My wish I mentioned at the end of this blog has been granted by AWS 🥳. AWS Lambda now supports partial batch response for SQS as an event source. Find the announcement here. I have written a new article on how to do it here https://vishnuprasad.blog/posts/aws-sqs-lambda-partial-batch-failure-improved-way/

Amazon Web Services released SQS triggers for Lambda functions in June 2018. You can use an AWS Lambda function to process messages in an Amazon Simple Queue Service (Amazon SQS) queue. Lambda polls the queue and invokes your Lambda function synchronously with an event that contains queue messages. Lambda reads messages in batches and invokes your function once for each batch. When your function successfully processes a batch, Lambda deletes its messages from the queue.

How Does Lambda Process The Messages?

By default, Lambda invokes your function as soon as records are available in the SQS queue. Lambda will poll up to 10(Can be increased) messages in your queue at once and will send that batch to the function. This means each invocation of lambda will receive up to 10 messages from the Queue to process. Once all messages in the batch are processed lambda will delete the batch from the queue and will start processing the next batch.

What Happens If One Of The Message In The Batch Failed To Process?

  • If you don’t throw an error on your function and one of the messages didn’t process correctly the message will be lost
  • If you catch and throw an error, the whole batch will be sent back to the queue including the ones which were processed successfully. This batch will be retried again multiple times based on the maxReceiveCount configuration if the error is not resolved. This will lead to reprocessing of successful messages multiple times
  • if you have configured a Dead letter Queue configured with your SQS Queue the failed batch will end up there once the ReceiveCount for a message exceeds the maxReceiveCount . The successfully processed messaged will also end up in the DLQ. If the consumer of this DLQ has the ability to differentiate between failure and success messages in the batch we are good to go.

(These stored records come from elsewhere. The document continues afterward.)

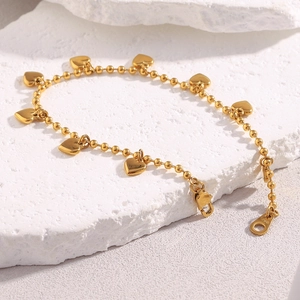 Detailed view of 18K gold plated bead chain bracelet with heart pendants on stone base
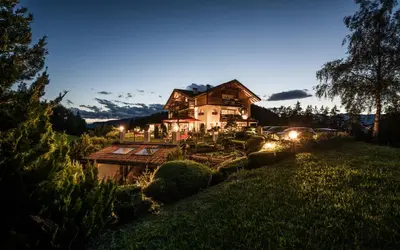 a large house in a field with lights at Alpine Boutique Villa Gabriela - Adults Only in Castelrotto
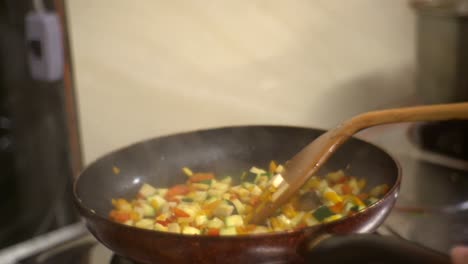 freshly chopped vegetables gently fried in flat frying pan while mixed with wooden spatula, filmed as close up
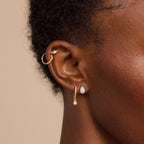 Close-up of a person's ear with three gold earrings, including a hoop and two dangle earrings—one pair is the Opal Teardrop Studs, bringing vintage-inspired elegance and gemstone sparkle for a standout jewelry look.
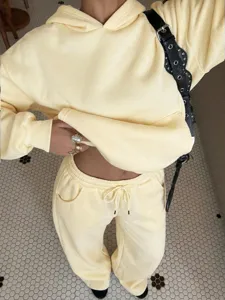 Casual pastel yellow fleece tracksuit set featuring a hooded sweatshirt and matching sweatpants.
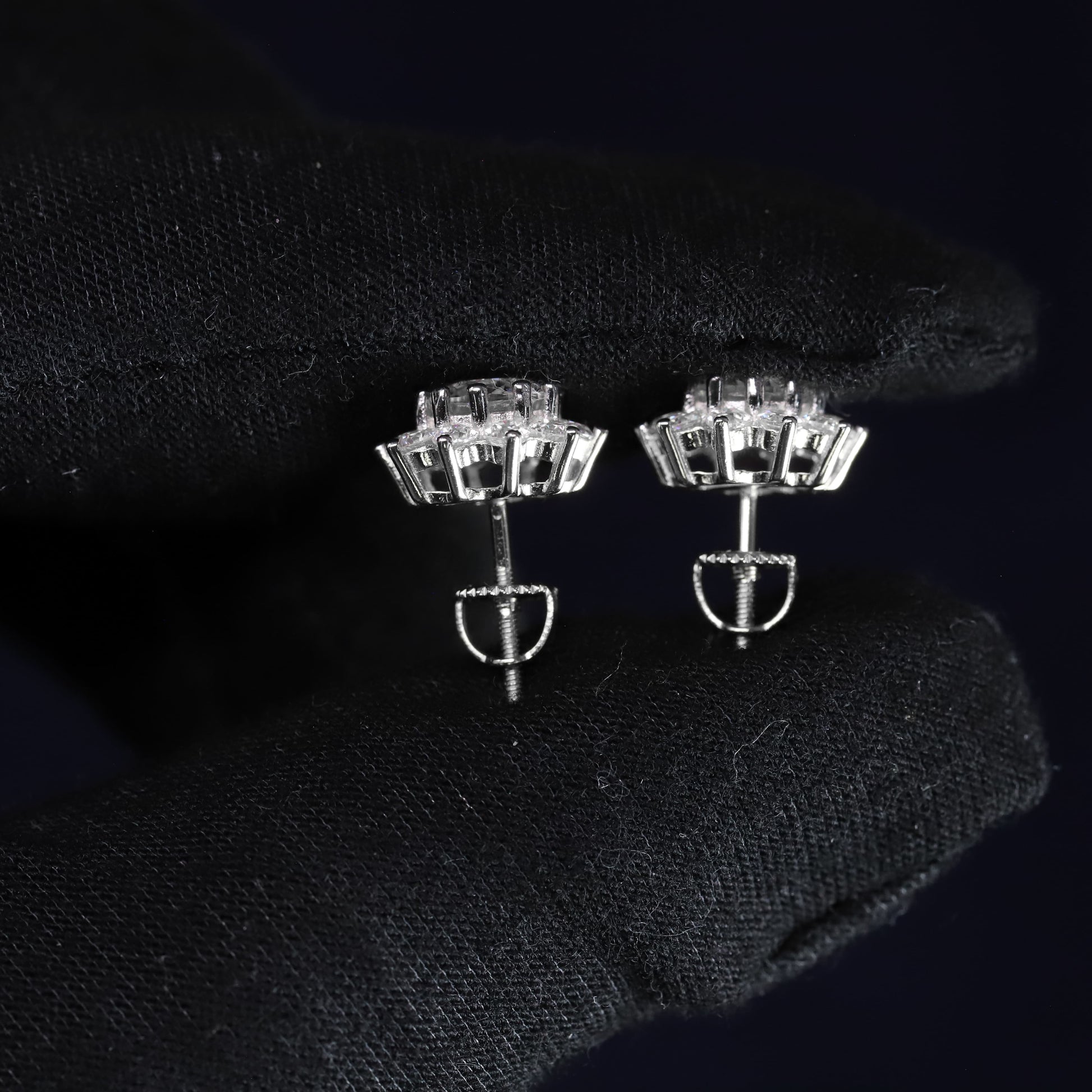 Pair of silver earrings with clear gemstones on a black background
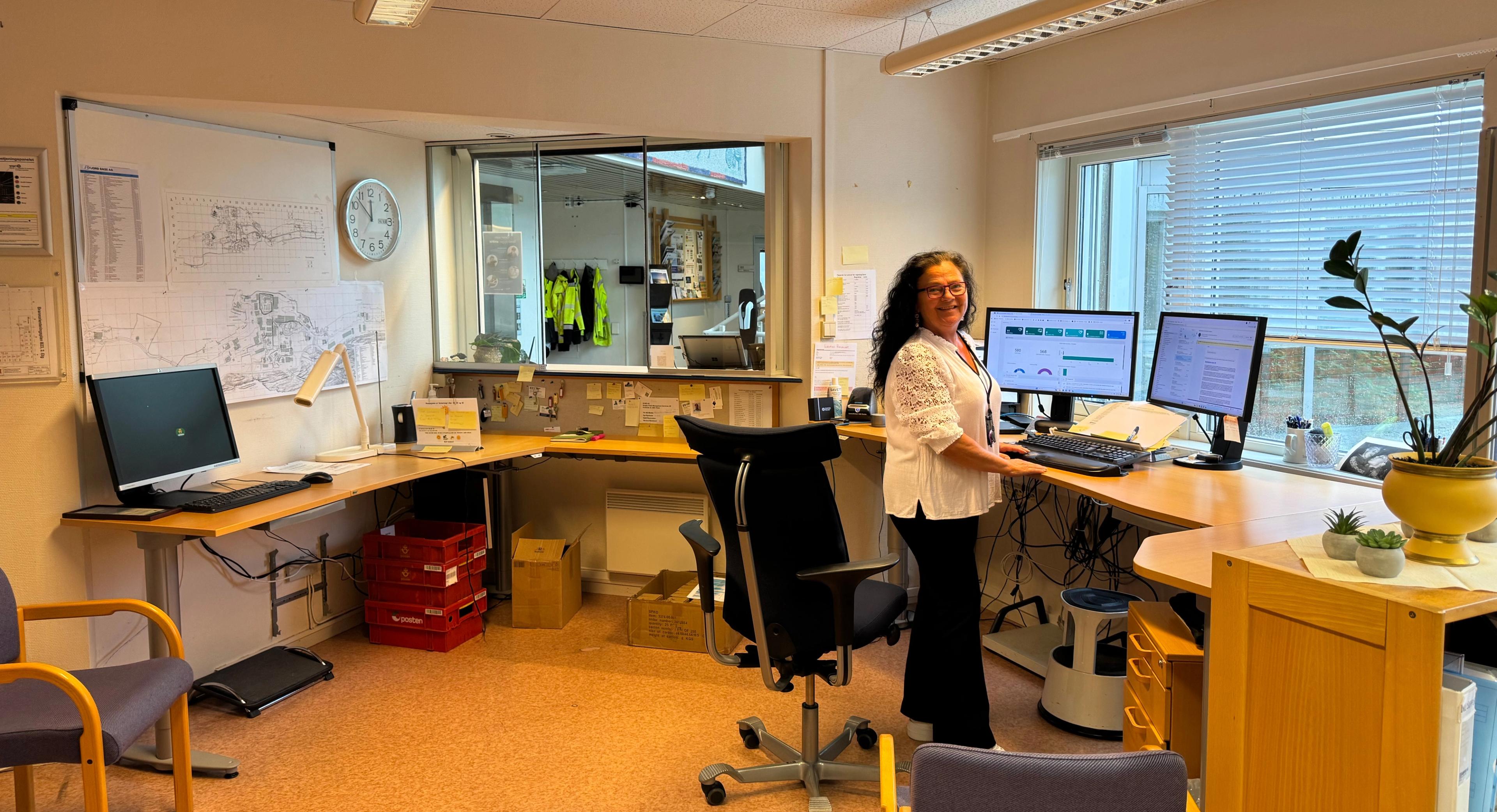 Kontorplassen hvor Margrethe holder oversikt gjennom dagen. Hun smiler mot kamera. Foto.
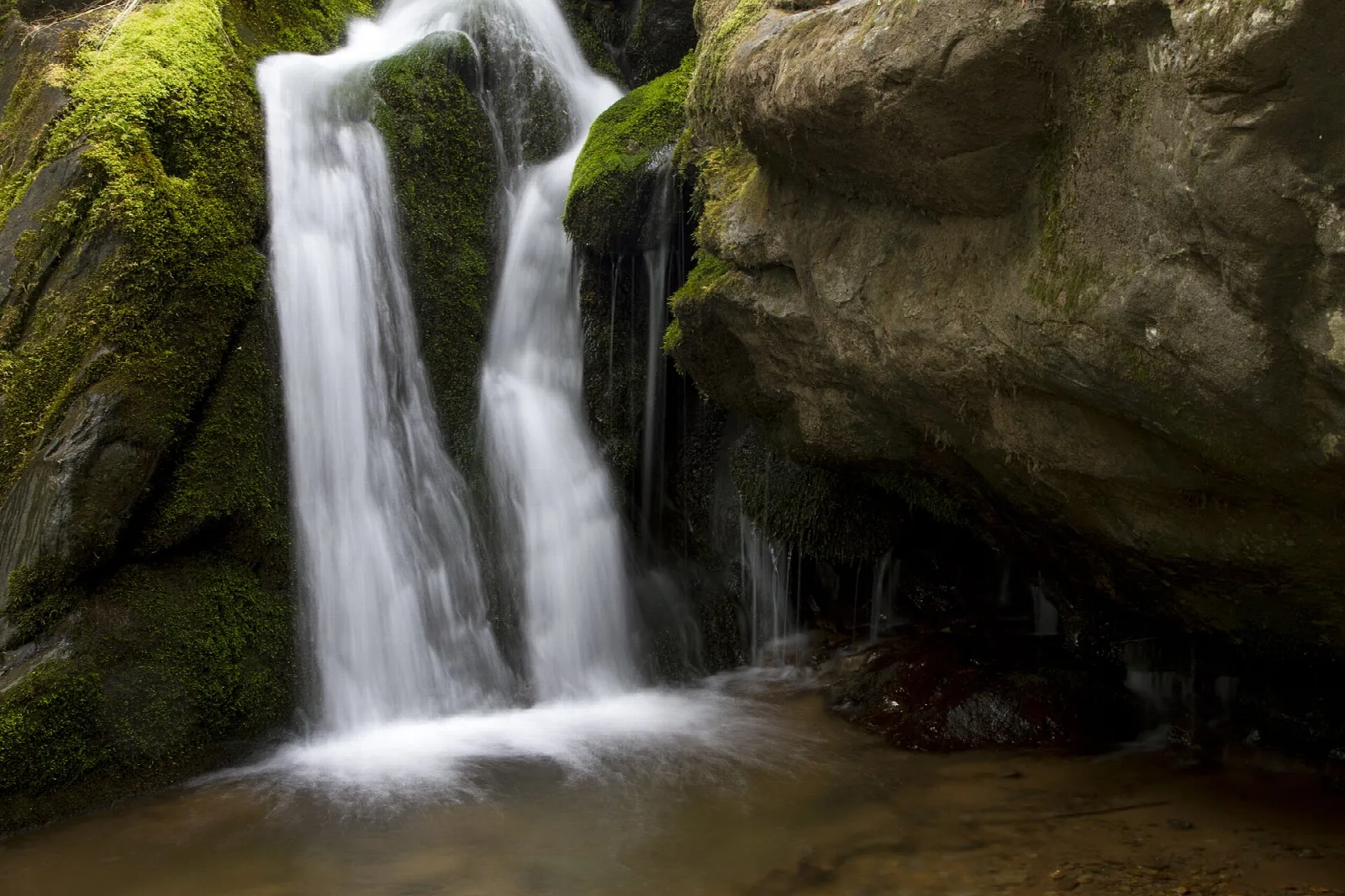 A waterfall pouring over mossy rock ledges in a shaded ravine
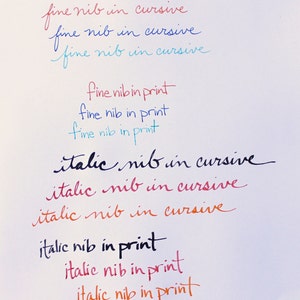 May include: A close-up of a white surface with handwritten text in different colors. The text reads "fine nib in cursive", "italic nib in cursive", and "fine nib in print".
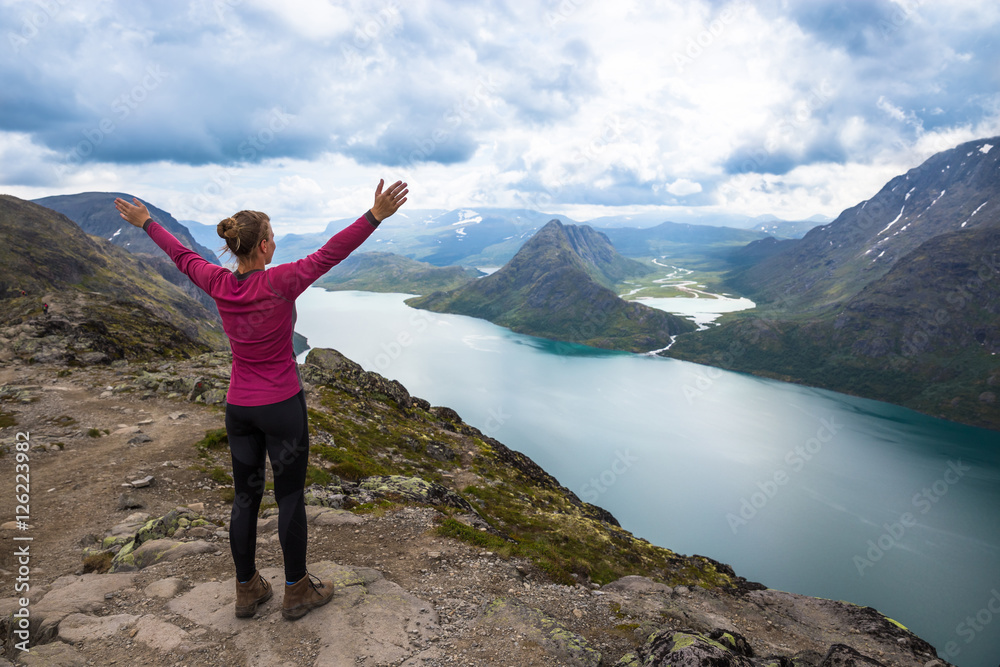 Sport woman hiking on Besseggen. Hikers enjoy beautiful lake and good weather in Norway. Sport woman hiking on Besseggen. Hikers enjoy beautiful lake and good weather in Norway.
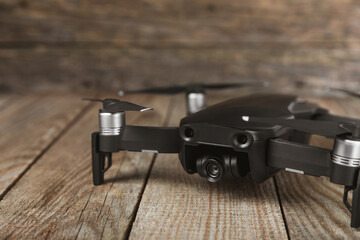 Drone unmanned aircraft on textured background. Modern FPV drone on background. The drone...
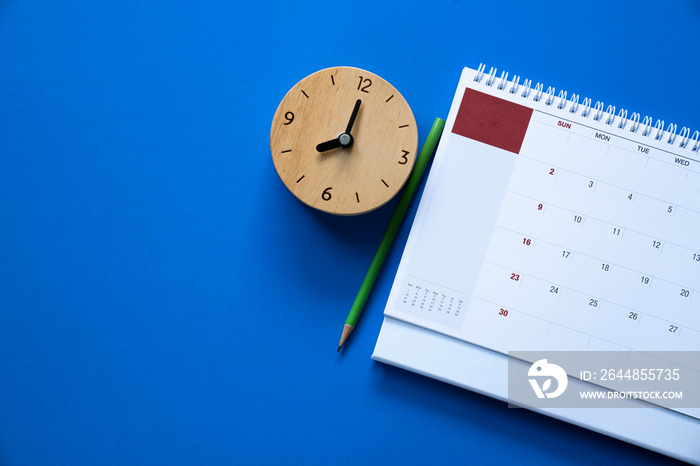 close up of calendar and alarm clock on the blue table background, planning for business meeting or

How to Handle The Partial Failure?

  1. Use a batchSize of 1

    This is useful in low-traffic scenarios. Only one message will be sent to lambda on each invocation. But this limits the throughput of how quickly you are able to process messages

  2. Delete successfully processed messages

    This is the most effective method to handle this situation. Process the batch messages inside a try-catch block and store the receiptHandle for each message in an array and call the sq.deleteMessage API and delete those messages when you catch the error and throw an error once you delete the messages that are successfully processed.

    'use strict';
    const AWS = require('aws-sdk')
    const sqs = new AWS.SQS();
    
    module.exports.handler = async event => {
      const sqsSuccessMessages = [];
    
      try {
        const records = event.Records ? event.Records : [event];
        for (const record of records) {
          await processMessageFucntion(record)
          // Store successfully processed records 
          sqsSuccessMessages.push(record);
        }
      } catch (e) {
        if (sqsSuccessMessages.length > 0) {
          await deleteSuccessMessages(sqsSuccessMessages);
        }
        throw new Error(e);
      }
    };
    
    // Delete success messages from the queue incase any failure while processing the batch
    // On no failure case lambda will delete the whole batch once processed
    const deleteSuccessMessages = async messages => {
      for (const msg of messages) {
        await sqs
          .deleteMessage({
            QueueUrl: getQueueUrl({
              sqs,
              eventSourceARN: msg.eventSourceARN
            }),
            ReceiptHandle: msg.receiptHandle
          })
          .promise();
      }
    };
    
    const getQueueUrl = ({ eventSourceARN, sqs }) => {
      const [, , , , accountId, queueName] = eventSourceARN.split(':');
    
      return `${sqs.endpoint.href}${accountId}/${queueName}`;
    };
    

Conclusion

As of now, there is no support for handling partial batch failures in Lambda with SQS. It is totally up to you to decide if you want to handle it or not depends on your application need.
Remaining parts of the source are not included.